A DEI program needs specific goals to be meaningful
DEI incentive metrics do not unilaterally make sense for every company and are not the only lever companies can use to hold management teams accountable. How can a board member evaluate if DEI incentive metrics would be meaningful? As with any key initiative, the dialogue surrounding performance management can give clues as to what does or doesn’t make sense at a company.
Assessing the dialogue at the board level
You can tell a lot about how seriously a company takes an issue by how directors discuss it. DEI efforts are no exception. Before going straight to incentive pay, evaluate how board members assess performance management around DEI.
- What information does the board receive on DEI? Is it primarily a report-out on key statistics, or does it go beyond the current state and include details on the company’s long-term strategy and goals?
- Is the board aware of who leads the charge on the company’s DEI strategy? Can the board hear from those individuals and from diverse members of management?
- Does the board have visibility on how key DEI statistics have progressed over time? Is the board aware of how progress compares to external and/or peer standards?
- Are the definitions of success clear? Does the board know what the right goals should be? Is there sufficient room for board dialogue to test the rigor of goals?
- Are the indicators of “something went wrong” clear to the board? For areas where the company misses the mark, is the board aware of the key drivers and needed course corrections?
- Does the board discuss messaging and disclosure both internally and externally?
With the investor energy and attention on DEI, it’s worth slowing down to ensure that the board and management culture around DEI is robust and meaningful before thinking about incentives. Many boards and management teams will need to go through a learning process to see what works and what’s important for their organization. But that learning depends on a structure. The goals can change, but boards can insist on quantifiable metrics from the start for performance management. Otherwise, the conversations might go nowhere.
Determining whether DEI has a role in incentives
Once the board has grounding in the company’s objectives and operations around DEI, it’s time to ask, “Would DEI metrics around incentive design help us achieve our goals?” The type of dialogue boards engage in can inform the answer. In some cases, the lack of board dialogue might lead to adding DEI metrics to force process and rigor around DEI initiatives. For other companies in the beginning stages of establishing DEI dashboards, adding metrics may not be meaningful yet. Companies need to articulate success clearly.
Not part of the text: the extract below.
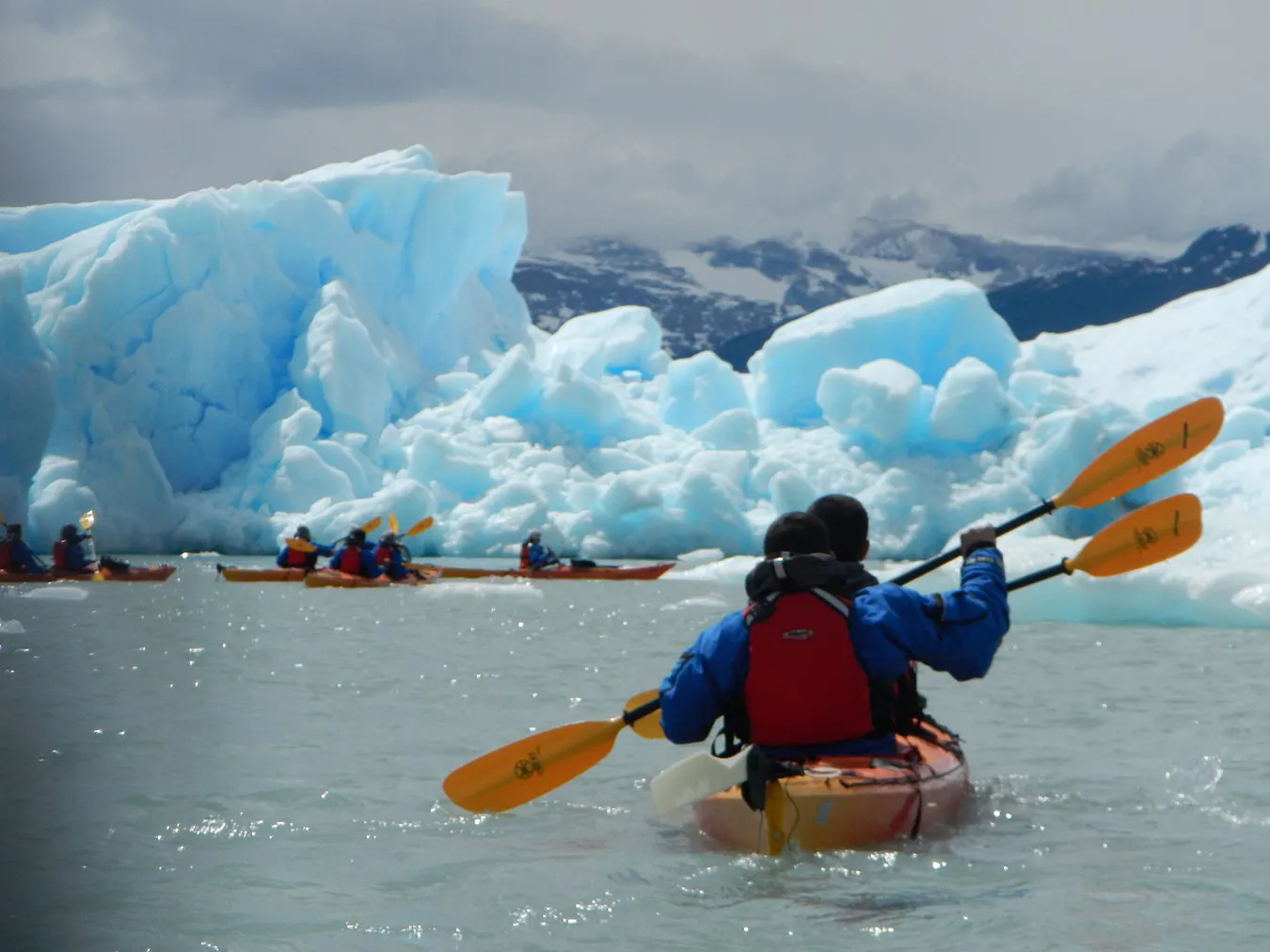 Kayak en el glaciar Perito Moreno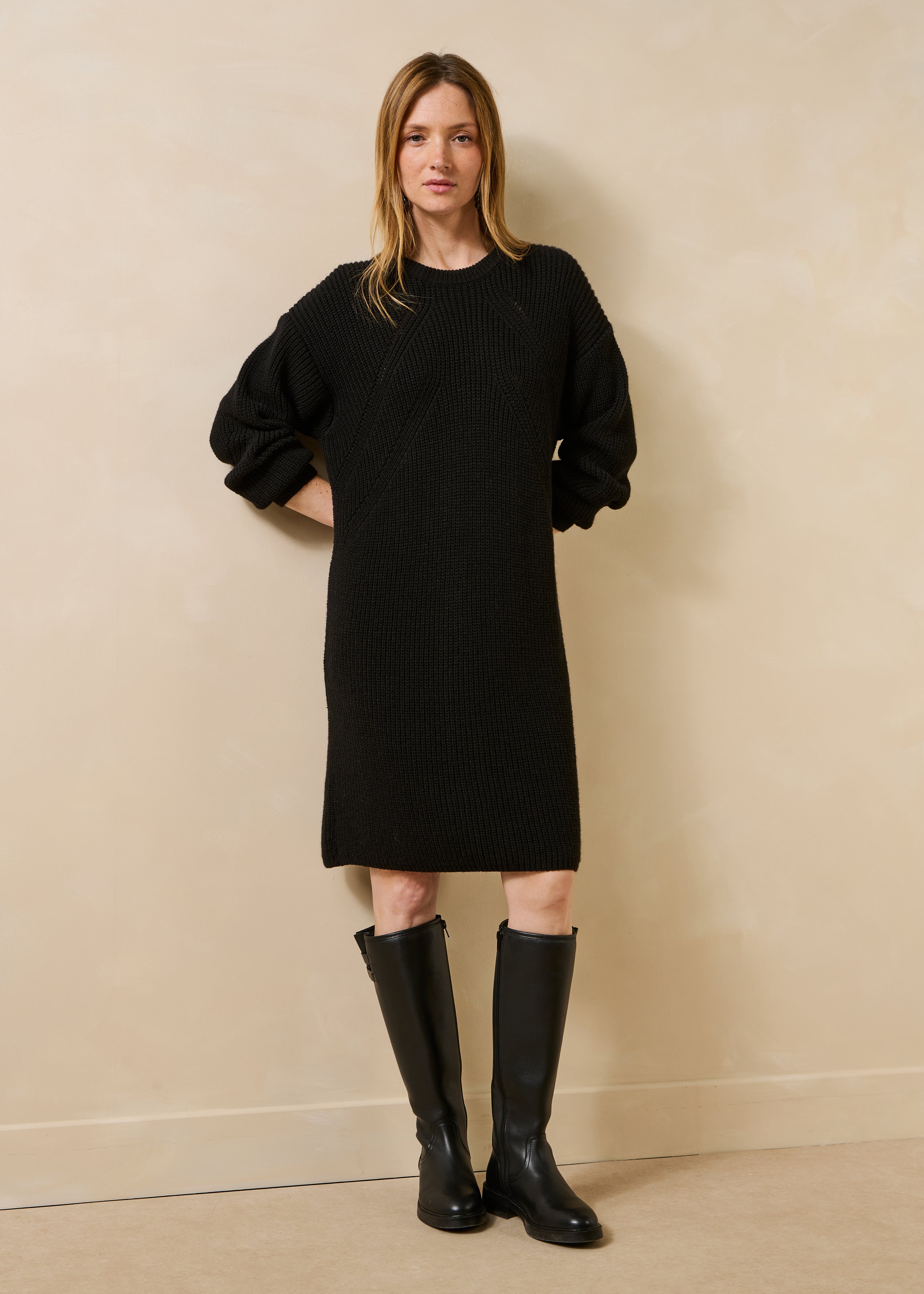 Abito corto nero in maglia con scollo rotondo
Without a baseline understanding of DEI or key milestones and goals, management teams have a limited line of sight into how the metrics would be evaluated, and behaviors are unlikely to change materially.
On the other end of the spectrum, healthy, robust dialogue doesn’t predicate incentive metrics. Companies do not need to tie DEI to pay in order to be leaders on that front. Having management teams regularly report on DEI progress to the board, employees and external stakeholders may be sufficient to demonstrate accountability and improvement. For instance, Salesforce published its DEI goals and provided quarterly equality updates while keeping its incentive programs tied strictly to financial performance. Another lever companies can use is factoring progress on DEI initiatives into promotion decisions. Internally, holding back a promotion can send a strong signal of the importance of DEI.
Incentive metrics might come into play if a company has not made significant progress, even with strong board dialogue and oversight. For example, consider a company whose board and management team had focused on DEI, and management regularly presented dashboards with key DEI statistics — and yet the DEI needle moved very little. The company added a weighted scorecard to its incentive design that tied pay to a variety of DEI-related metrics — which got the leadership team’s attention. With higher stakes, the needle started to move. When progress stalled, the leadership team held real shared accountability. Incorporating DEI into pay changed the nature of the dialogue and created accountability for slow progress.
The dialogue around performance management isn’t the litmus test, but it’s a helpful way for boards to assess their company’s performance relative to DEI. While it’s tempting to follow the crowd, companies should establish clear objectives and success measures and evaluate whether incorporating DEI into compensation helps accomplish those objectives.